### [Exercise brief]
Stop at the line containing "Sunozon Sonnenolspray Солнцезащитное": every line of the listing from the first up to that one must be set down exactly.
* * *
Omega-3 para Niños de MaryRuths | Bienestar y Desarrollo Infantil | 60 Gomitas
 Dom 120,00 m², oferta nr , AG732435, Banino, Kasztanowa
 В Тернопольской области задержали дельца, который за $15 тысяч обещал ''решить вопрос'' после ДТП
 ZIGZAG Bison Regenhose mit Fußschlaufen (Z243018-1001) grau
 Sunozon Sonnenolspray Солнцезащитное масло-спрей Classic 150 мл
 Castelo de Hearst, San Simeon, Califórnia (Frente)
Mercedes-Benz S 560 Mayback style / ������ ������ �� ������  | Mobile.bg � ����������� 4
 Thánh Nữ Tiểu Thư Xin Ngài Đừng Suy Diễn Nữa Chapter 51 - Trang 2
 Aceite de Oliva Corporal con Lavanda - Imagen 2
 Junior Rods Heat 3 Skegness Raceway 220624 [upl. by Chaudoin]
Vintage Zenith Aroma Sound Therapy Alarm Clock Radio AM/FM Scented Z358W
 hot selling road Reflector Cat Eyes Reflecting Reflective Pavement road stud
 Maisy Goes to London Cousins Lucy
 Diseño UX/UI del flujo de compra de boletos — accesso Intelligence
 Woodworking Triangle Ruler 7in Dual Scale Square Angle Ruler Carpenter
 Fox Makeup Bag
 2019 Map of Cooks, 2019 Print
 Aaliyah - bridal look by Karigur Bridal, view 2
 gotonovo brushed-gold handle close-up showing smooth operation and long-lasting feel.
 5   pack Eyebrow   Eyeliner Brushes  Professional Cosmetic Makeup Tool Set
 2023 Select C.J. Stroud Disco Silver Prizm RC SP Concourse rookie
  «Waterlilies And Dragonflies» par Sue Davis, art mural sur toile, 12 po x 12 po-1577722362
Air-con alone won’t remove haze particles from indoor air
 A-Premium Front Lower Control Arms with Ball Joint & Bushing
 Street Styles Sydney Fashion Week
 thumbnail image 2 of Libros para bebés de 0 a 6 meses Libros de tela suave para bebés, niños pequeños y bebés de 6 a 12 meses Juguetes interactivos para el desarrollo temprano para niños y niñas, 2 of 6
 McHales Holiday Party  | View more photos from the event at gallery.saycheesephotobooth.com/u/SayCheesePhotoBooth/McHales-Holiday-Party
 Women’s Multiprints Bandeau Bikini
* * *
### [Answer section]
Omega-3 para Niños de MaryRuths | Bienestar y Desarrollo Infantil | 60 Gomitas
 Dom 120,00 m², oferta nr , AG732435, Banino, Kasztanowa
 В Тернопольской области задержали дельца, который за $15 тысяч обещал ''решить вопрос'' после ДТП
 ZIGZAG Bison Regenhose mit Fußschlaufen (Z243018-1001) grau
 Sunozon Sonnenolspray Солнцезащитное масло-спрей Classic 150 мл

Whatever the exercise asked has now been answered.